Interview with Anderson, Jeremiah
This explanation was entirely satisfactory to Washington who assured my father that he properly appreciated and approved of his motive, and told him if he was ever molested to apply to him for protection. --
We were never molested while the American army
remained in near White Plains. I had a half brother named Jonathan who at the beginning of the revolution raised a company of minutemen, but some one was promoted over him and he immediately went below with nineteen of his men and received a captaincy in one of the Regular Provincial Regiments, but which I do not know. After the war he was put upon [the] half pay list, and went to Nova Scotia.
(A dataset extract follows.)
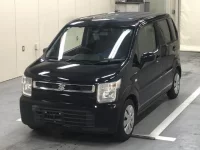 Suzuki WAGON R лот № 3074 оценка 3.5  с аукциона в Японии 2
During the Revolutionary war there was one Caleb Green from King Street in Connecticut, near Byram river who traded with the enemy, and was often below at Morrisania where he took cattle and poultry and horses and became well acquainted with Colonel Delaney. My father then had a very fine mare which he kept concealed. Isaac Webbers, Dent Banks, and a party of Skinners once came to our house for the mare, and
the commander addressed my mother who was up, telling her they had eaten nothing all day long, and begging her, very civilly, to supply them with some refreshments if it were nothing but bread &c. My mother moved with com=passion, went to the dark hole in the field where her meat and most of her provisions were concealed, and gave them the best supper in her power. In the morning early the troopers departed.